Conditions focus on one thing: deciding whether a problem is real enough to warrant an incident. They do not handle notifications, enrichment, or routing. That part is handled by Workflows, where you configure destinations, message formatting, escalation chains, and everything else using a visual drag-and-drop builder.
ℹ️ Conditions Create. Workflows Notify.
Think of it this way: incident conditions decide when an incident is created. Workflows decide what happens next. This separation keeps your setup clean. You define detection logic in conditions and notification logic in workflows.
Common Settings
All condition types share the following configurable setting:
| Setting | Description |
|---|---|
| Severity | The severity assigned to incidents created by this condition: critical, high, medium, or low. Workflows can use severity to route notifications to the right channels. |
Condition Types
1. Consecutive Failures
The most straightforward condition. It creates an incident when a healthcheck fails a specified number of consecutive times. This is the default condition type and works well for clear-cut "is it up or down" monitoring.
In the dashboard, select Consecutive Failures as the condition type, then set the number of consecutive failures required before an incident is created. The default is 3 consecutive failures.
💡 Start Conservative
A threshold of 3 consecutive failures is a good starting point for most services. It filters out single transient errors while still detecting real outages quickly.
2. Sliding Window
Creates an incident based on the percentage of failures within a rolling time window. This is useful for services that have occasional transient failures. You might tolerate 10% failure but want an incident at 50%.
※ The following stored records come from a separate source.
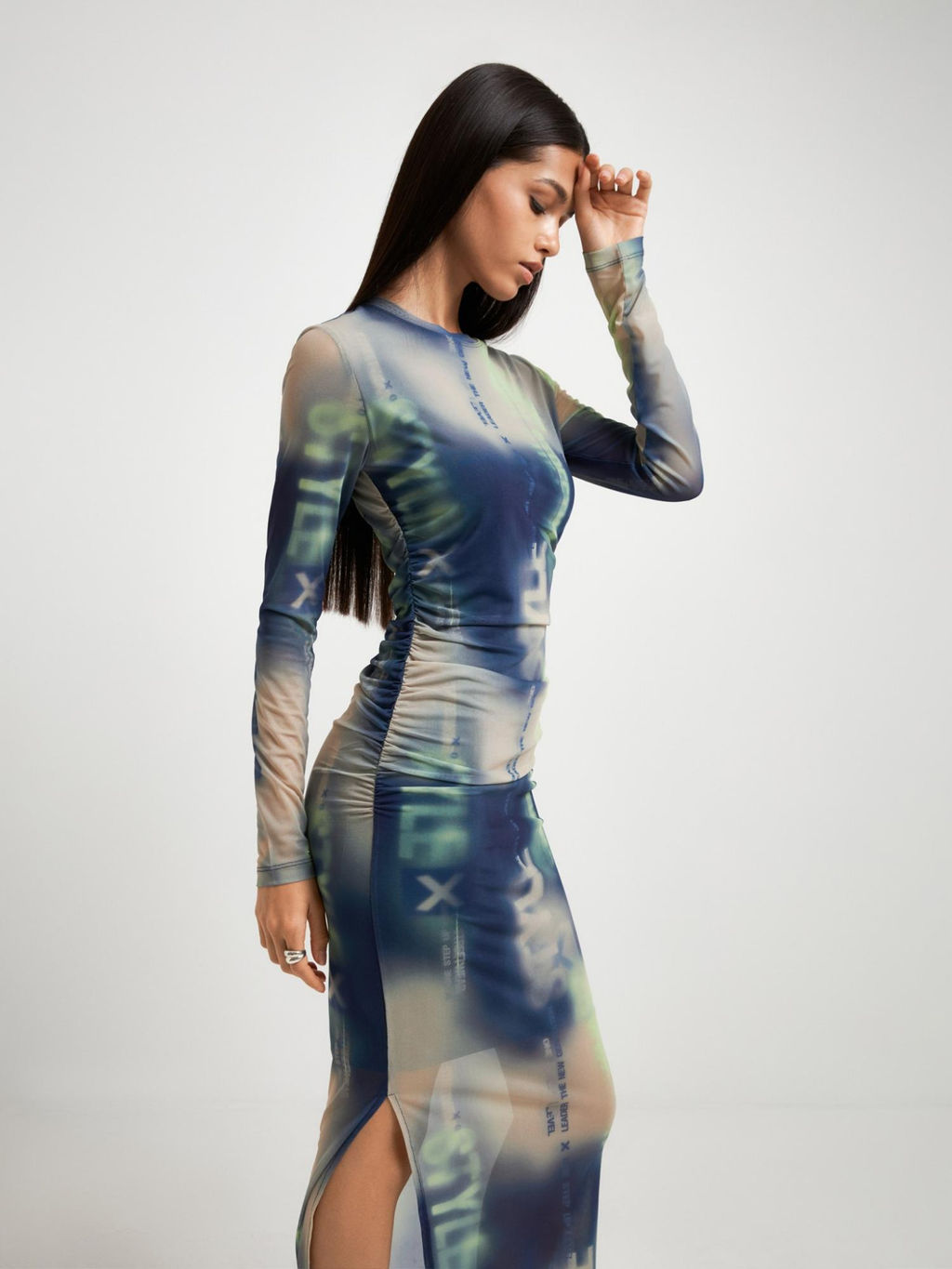 10200201034 Платье жен. Beffi сине-зеленый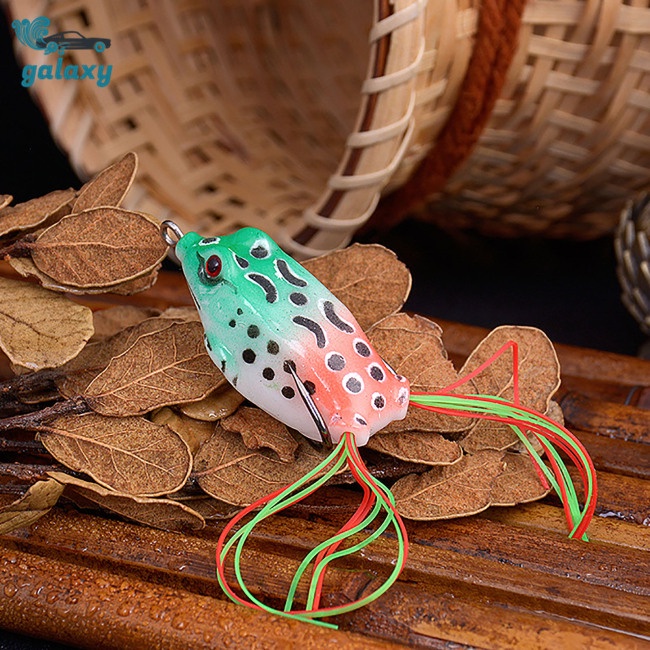 Galaxy Set 15 Mồi Giả Nhử Cá Bằng Nhựa Mềm Hình Ếch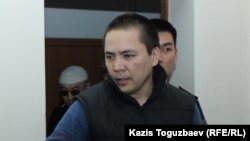 Алмат Жұмағұловтың сот кезіндегі суреті.
Алматы, 26 қыркүйек 2018 жыл.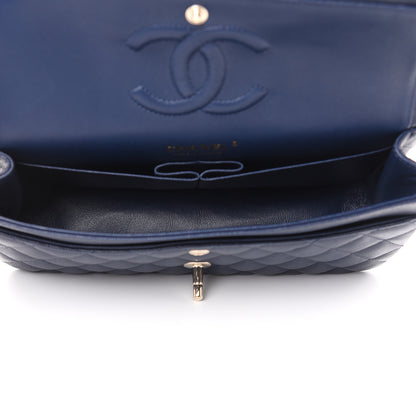Chanel Caviar Quilted Medium Double Flap Navy 5 of 10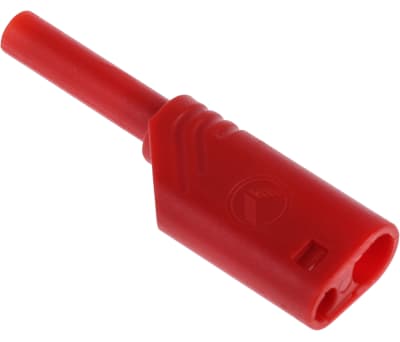 Product image for Hirschmann Test & Measurement Red Male Banana Plug - Solder Termination, 1000V ac/dc, 10A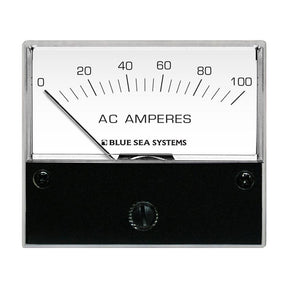 Blue Sea 8258 AC Analog Ammeter  234 Face 0100 Amperes AC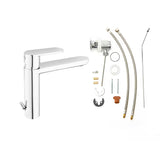 Krom jednoručna baterija stojeća miješalica za umivaonik Paffoni Pavia s odvodom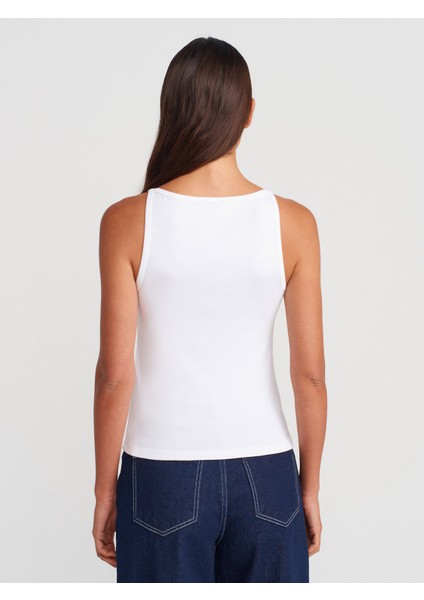 21048 Halter Yaka Top-Beyaz fiyatları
Configure the failure percentage threshold and the time window (in minutes) in the dashboard. For example, set 50% failures within a 5-minute window to catch sustained degradation while ignoring occasional blips.
ℹ️ Window Size Matters
Shorter windows (1 to 5 minutes) detect issues faster but may create incidents from transient failures. Longer windows (10 to 30 minutes) are more stable but slower to react. Match the window size to the criticality of the service.
3. Latency
Creates an incident when the response time of a healthcheck exceeds a specified threshold. This is useful for detecting performance degradation before a service goes fully down. You define a latency threshold in milliseconds, and an incident is created when the response time crosses that boundary.
In the dashboard, select Latency as the condition type and enter the maximum acceptable response time in milliseconds. For example, set a 2000ms threshold for an API that should respond within 2 seconds.
4. Average Latency
Similar to the Latency condition, but evaluates the average response time over a rolling window instead of individual check results. This smooths out occasional spikes and only creates an incident when the overall performance trend exceeds the threshold.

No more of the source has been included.